How To Make A Scarf — No Knitting Needles Required

by BUST Magazine

Photo: Megan Senior; Model: Naimah Terry; Hair/Makeup: Mary Guthrie; Nails: Miss Pop; Dress: Modcloth; Location: The Landing at Industry City

You don’t need knitting needles to whip up this quick chunky scarf! Whether you’re a knitter or a quitter, you can make this easy scarf using a technique called “arm knitting,” in which your limbs are used as giant knitting needles to create super-chunky knit fabric. It’s easy to learn, and best of all, it’s fast—you can complete a scarf in far less time than it takes to listen to Disc One of the Hamilton soundtrack. So arm yourself with some awesome yarn, and get ready to knit the night away.

At least 46 yards of jumbo or super-chunky yarn, such as Red Heart Grande


Casting on: Pull out 4′ of yarn from the ball, and make a slip knot as follows: drape the yarn over your left hand, palm facing you, with the 4′ “tail” end hanging in front. Wrap the “ball” end around your hand once, so that it crosses over the tail end (A), then use the thumb and forefinger of your other hand to pull a loop of that ball end through (B).



Place this loop on your right wrist, and pull on both strands to make the loop taut (not tight!) around your wrist (C).


Hold your right arm up so that both ends of the yarn are hanging down, with the tail to the left, and the ball end on the right. Grab the tail end with your left hand turned upside down, so that your thumb is pointing downwards (D).


Flip your left hand right side up to create a loop (E).


Continuing to hold on to that loop in your left hand, put your right hand through the loop (F) and grab the ball end of yarn. Pull this yarn back through the loop towards you (G), and place the resulting loop on your right wrist.



Drop the loop of yarn in your left hand, and snug up the new loop on your right wrist by pulling on the ends of your yarn (H).


Repeat from (C) 8 more times until you have 10 loops on your right wrist.

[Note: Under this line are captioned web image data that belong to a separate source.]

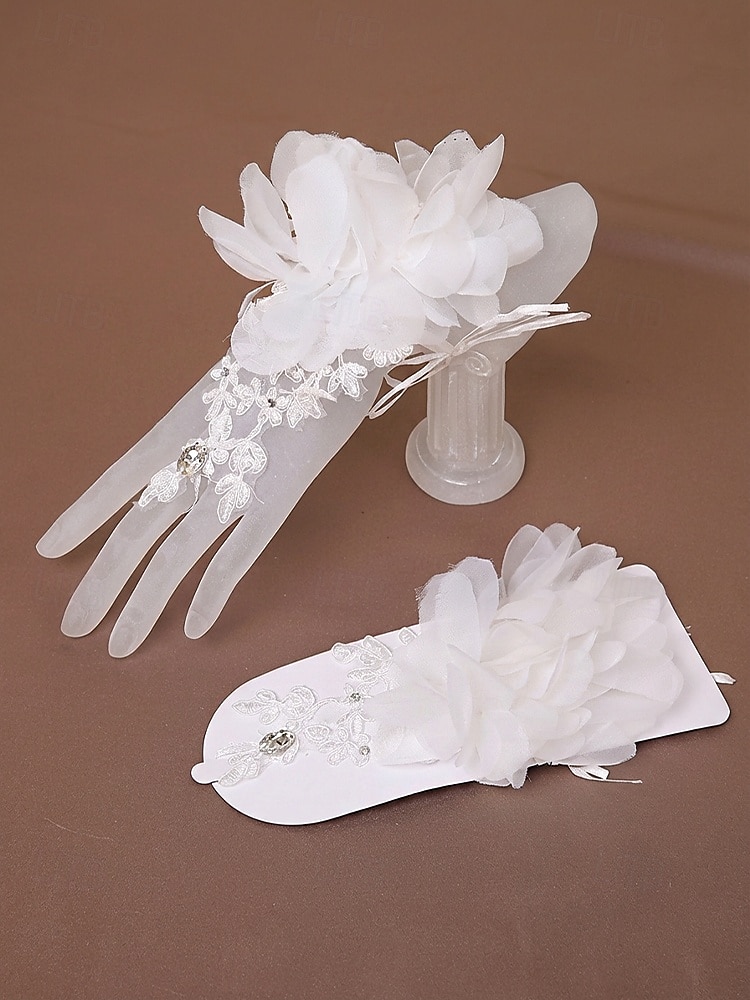 brudhandskar för kvinnor, polyestermaterial, flerfärgade, kronbladsblommönster med strassdetaljer, eleganta spetshandskar perfekta för bröllop, fester och speciella evenemang 2026 - $11.99 –P6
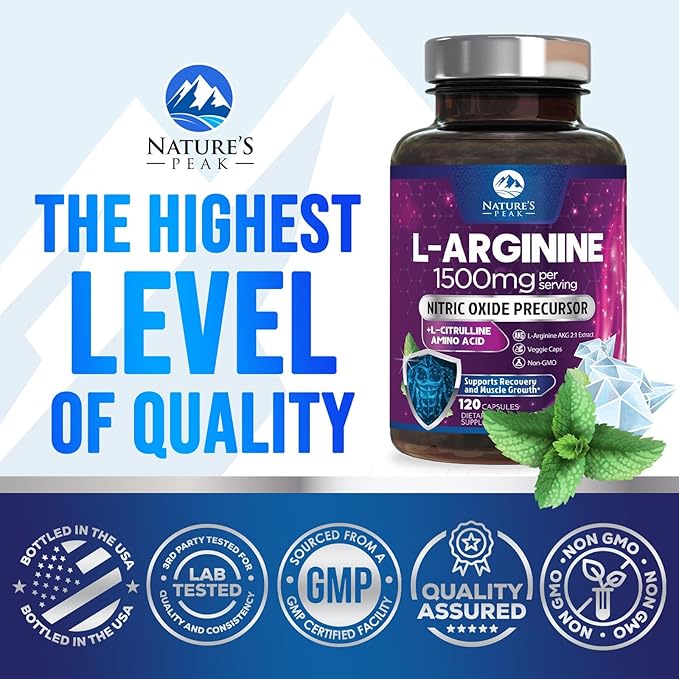 L-Arginine 1000mg Supplement Supports Heart Health - Premium Muscle Supporting Nitric Booster for Strength & Energy to Train Harder - Nature's Non-GMO, Gluten-Free Amino Acid Blend - 120 Capsules
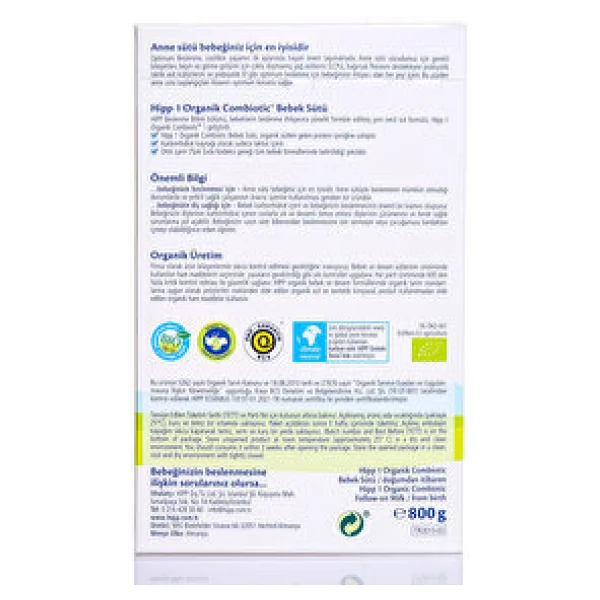 Hipp Organik Combiotic 1 Bebek Sütü 800 Gr - Görsel 6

Keep the loops neatly in order on your wrist as you create each new loop.

Knitting: Grab the ball strand with your right hand (I), overhand, like the way you would hold a bike handlebar.

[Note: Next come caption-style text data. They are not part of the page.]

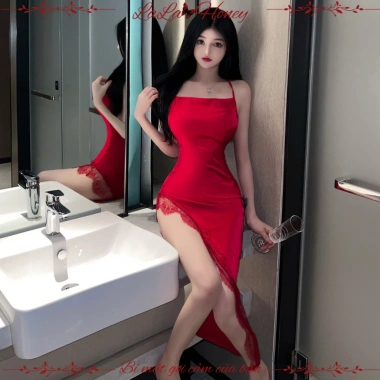 Váy Ngủ 2 Dây Satin Dài Gợi Cảm Sexy Hoàng Gia Giá 147k LALA HONEY 3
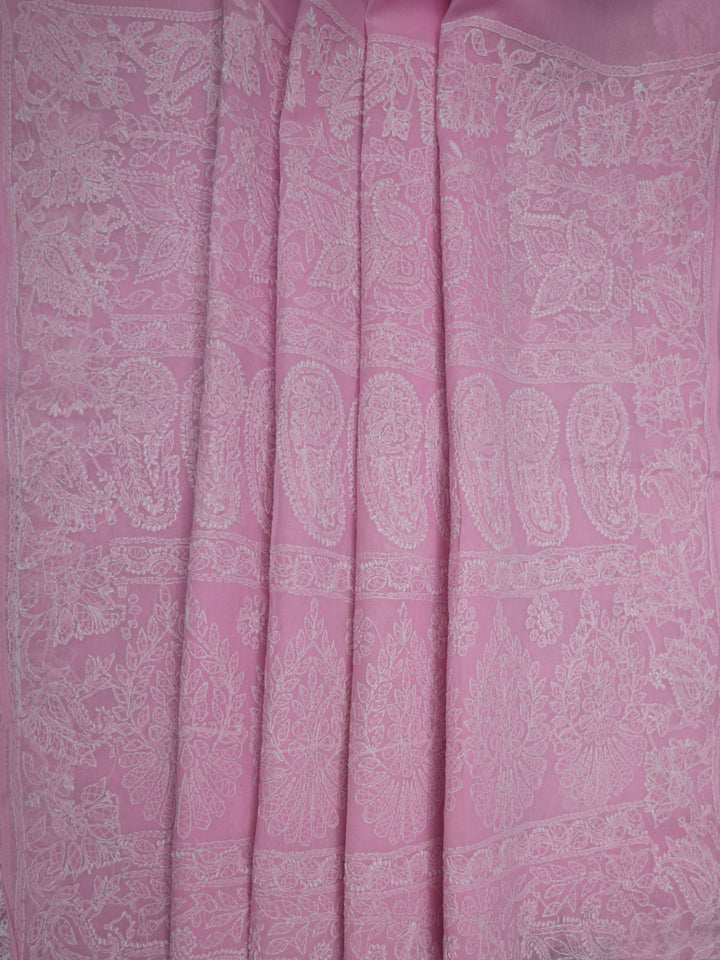 Hand Embroidered Chikankari Cotton Saree PCSAR02 Pink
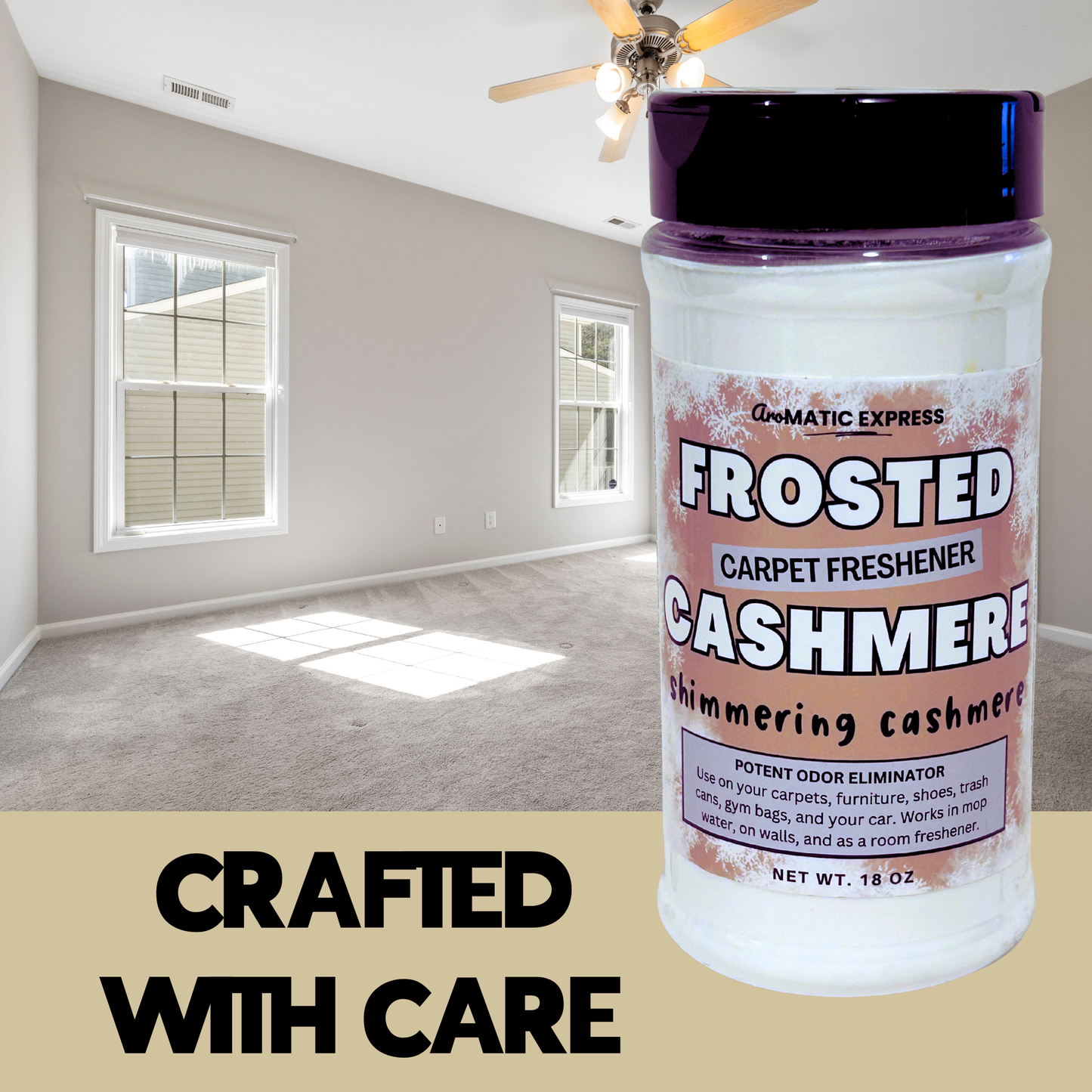 Frosted Cashmere Carpet Freshener | 18 oz Sprinkle Jar | Odor Eliminator Powder
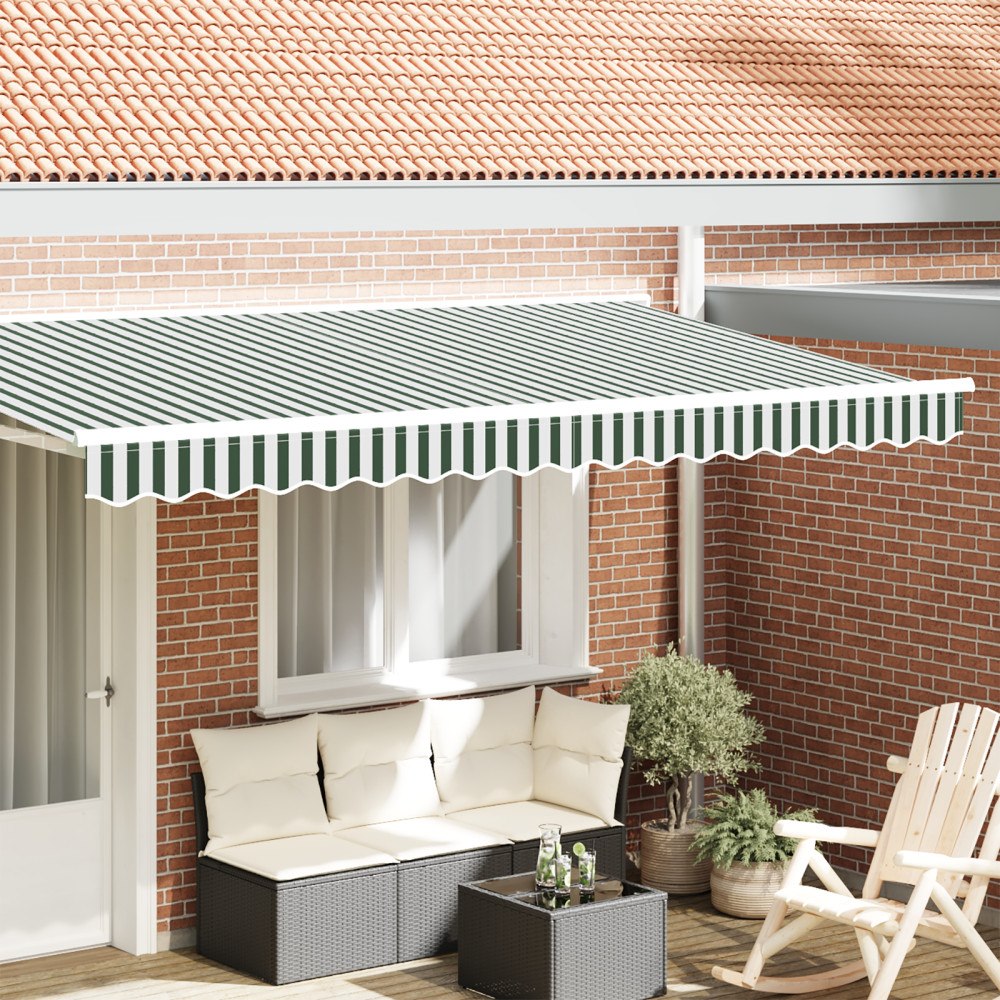 vidaXL Baldakin Valance för 4 m Ram Grön och Vit 3.8x0.2 m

Continue to hold this yarn. With your left hand, lift the last loop you cast on up, over, and off your right hand (J). This will create a “new” loop in your right hand (K).



Let go of the “old” loop you are holding with your left hand, and place the new loop onto your left arm (L).


Repeat from (I), making sure each time that you place the new loop onto your left arm so that the ball end hangs to the front, closer to your body, like you were putting on a pair of evening gloves (M).


Continue until all loops are on the left arm, and no loops remain on the right arm. Repeat the process in reverse: grab the ball strand with the left hand (like you’re holding a bike handlebar), and lift the loop on your left arm up, over, and off with your right hand. TIP: Grabbing the yarn as close to your work as possible, and pulling it to tighten the last loop on your arm before creating the next loop, will keep your work looking neater.

Binding Off: Continue knitting back and forth in this manner. Check how much yarn you have left at the end of each row (when all the loops are on one arm and the other arm is free), and when you have only a yard or a bit more than that, it’s time to stop knitting and get this thing off your arm. Here’s how: Make two new loops in the usual way (it doesn’t matter if you are making your loops onto your left or your right arm at this point). Then grab the first of these two loops with your other hand (N).


Carry that loop all the way over the second loop and hand and then let go (O).


You will have one loop left on your arm. Create another new loop in the usual way so that you have two new loops on your arm again then take the first one up and over the second one so you are back to one loop. Carry on this way until you are left with just one loop on your arm. Pull the end of yarn through this loop, and tighten (P).


Finishing: To stitch the scarf together, shape it into a circle in front of you, with the finished ends of the scarf facing each other at the bottom of the circle. Then, using one of the tails, begin weaving the two ends together (we used pink yarn so you could see it better). Bring the yarn under the two legs of the stitch (each stitch looks like a V) on the left-hand side then bring your yarn under the two legs of the first stitch on the right-hand side. Then bring the yarn under the two legs of the next stitch on the left-hand side, then under the two legs of the next stitch on the right-hand side. Continue in this way until both sides are sewn together (Q).


Take the remaining end of yarn and weave it into the fabric of the scarf until you’ve woven in about 6″ of yarn. Then cut the yarn. Do the same with the other tail (R). DONE!